::: SUPPLIED DATA :::
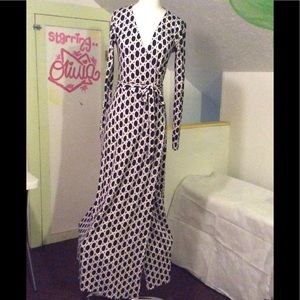 Boden long sleeve wrap maxi dress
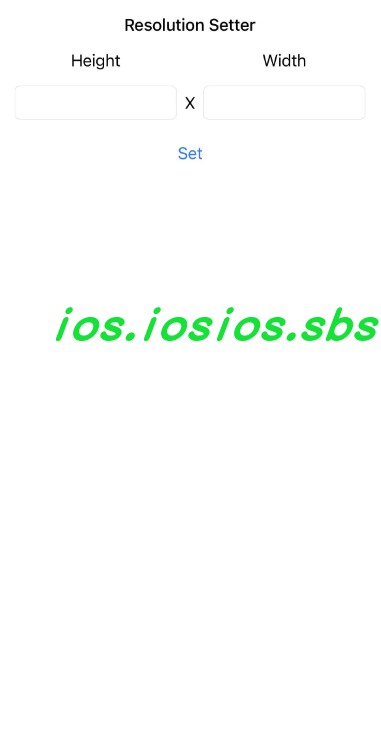 图片[1]-Resolution Setter 1.3 修改分辨率-ipa资源站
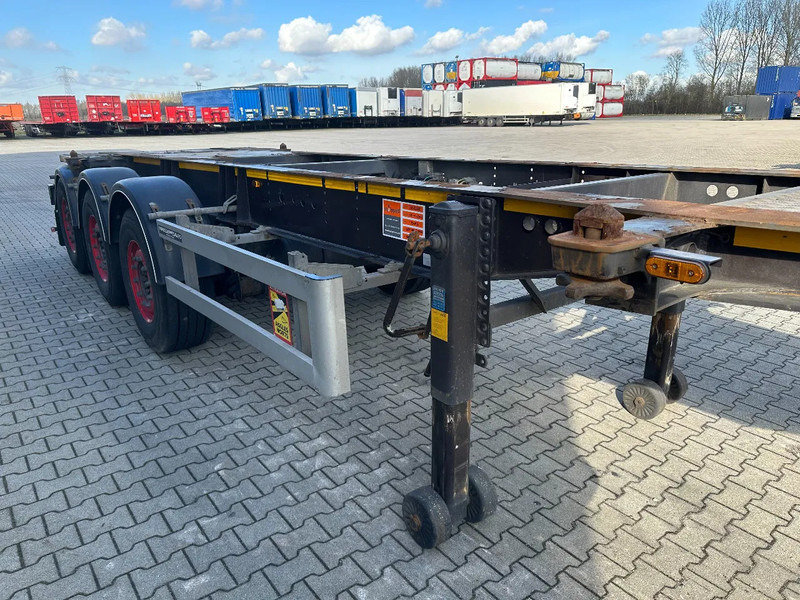 نصف مقطورة لنقل الحاويات Burg 20FT ADR (EX/II, EX/III, FL, AT), Leergewicht : 3.690kg, SAF INTRADISC, 2x Liftachse, NL-Chassis: صورة 12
:::
ASSIGNMENT: Emit an exact copy of the lines from the line bearing "图片[1]-Resolution Setter 1.3 修改分辨率-ipa资源站" through the last line above, inclusive, and leave the images out.

YOUR SOLUTION:
 图片[1]-Resolution Setter 1.3 修改分辨率-ipa资源站
 نصف مقطورة لنقل الحاويات Burg 20FT ADR (EX/II, EX/III, FL, AT), Leergewicht : 3.690kg, SAF INTRADISC, 2x Liftachse, NL-Chassis: صورة 12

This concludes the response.